[ABOUT THIS TASK] Leave out the pictures and output the data verbatim.

[Saved data entries]
*****

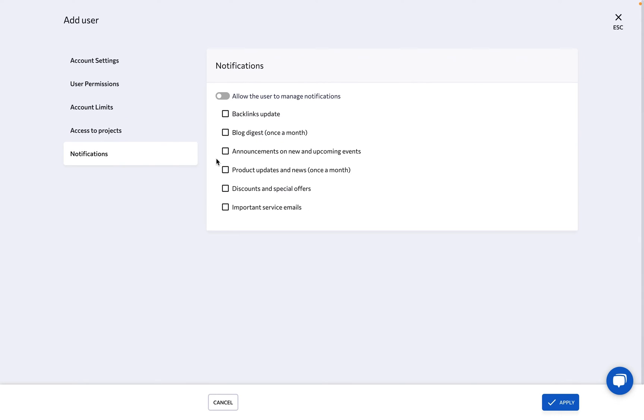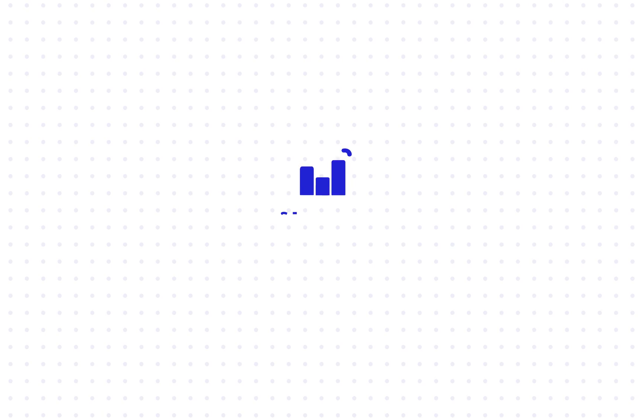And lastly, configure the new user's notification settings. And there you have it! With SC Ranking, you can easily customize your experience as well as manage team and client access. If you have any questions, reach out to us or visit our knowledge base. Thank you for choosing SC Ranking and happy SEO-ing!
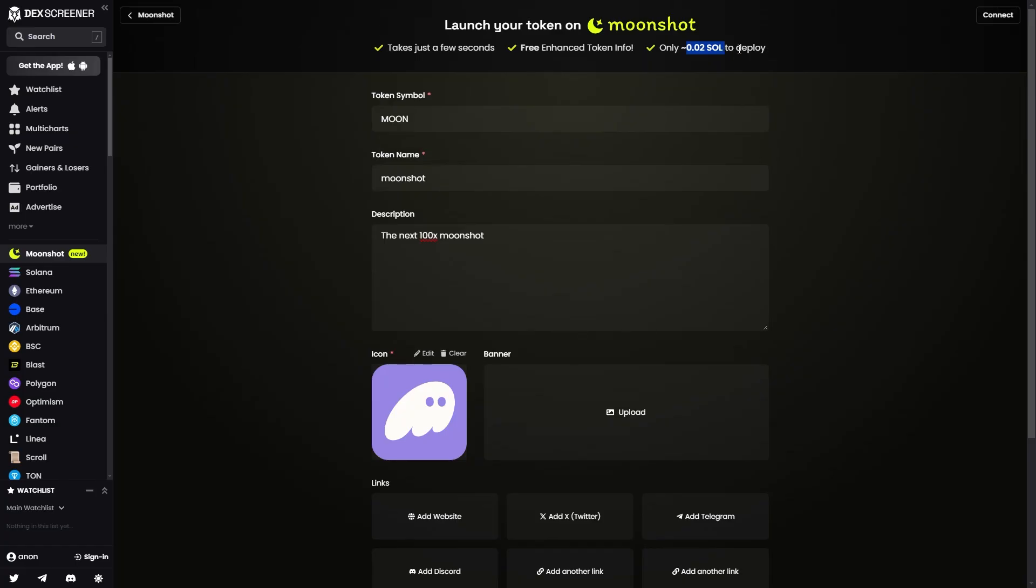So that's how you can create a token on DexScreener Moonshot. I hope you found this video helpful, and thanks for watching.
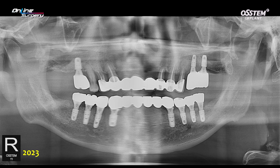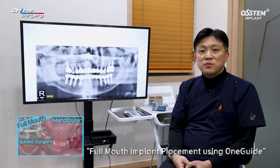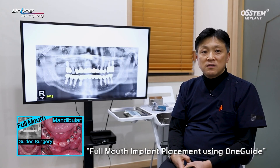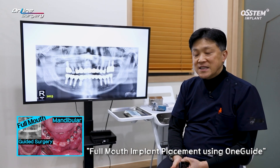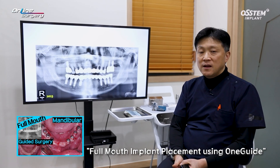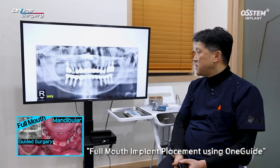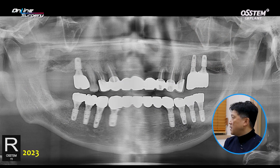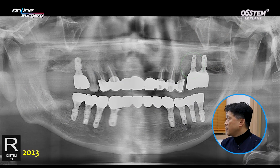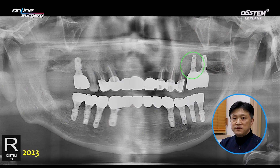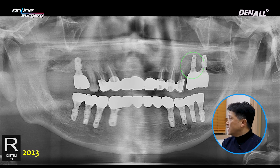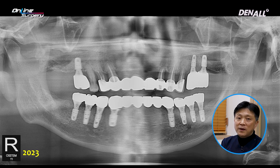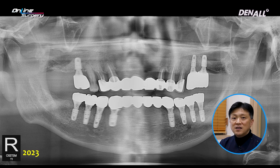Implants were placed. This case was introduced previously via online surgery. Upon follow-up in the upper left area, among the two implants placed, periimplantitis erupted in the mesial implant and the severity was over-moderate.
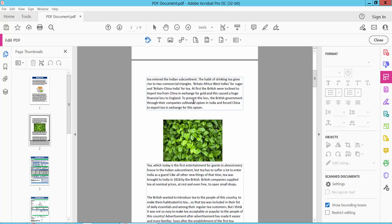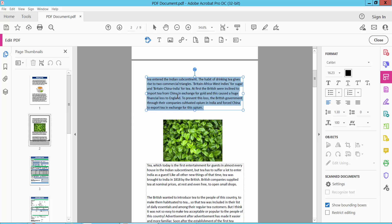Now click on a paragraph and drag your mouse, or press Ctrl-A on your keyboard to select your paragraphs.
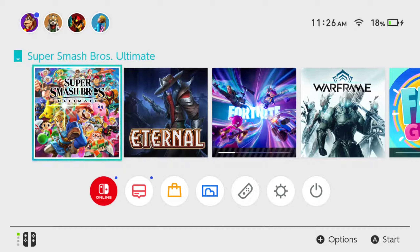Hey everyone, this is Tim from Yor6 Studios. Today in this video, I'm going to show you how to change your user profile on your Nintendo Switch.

*****

[EXERCISE RESULT]
And lastly, configure the new user's notification settings. And there you have it! With SC Ranking, you can easily customize your experience as well as manage team and client access. If you have any questions, reach out to us or visit our knowledge base. Thank you for choosing SC Ranking and happy SEO-ing!
So that's how you can create a token on DexScreener Moonshot. I hope you found this video helpful, and thanks for watching.
Implants were placed. This case was introduced previously via online surgery. Upon follow-up in the upper left area, among the two implants placed, periimplantitis erupted in the mesial implant and the severity was over-moderate.
Now click on a paragraph and drag your mouse, or press Ctrl-A on your keyboard to select your paragraphs.
Hey everyone, this is Tim from Yor6 Studios. Today in this video, I'm going to show you how to change your user profile on your Nintendo Switch.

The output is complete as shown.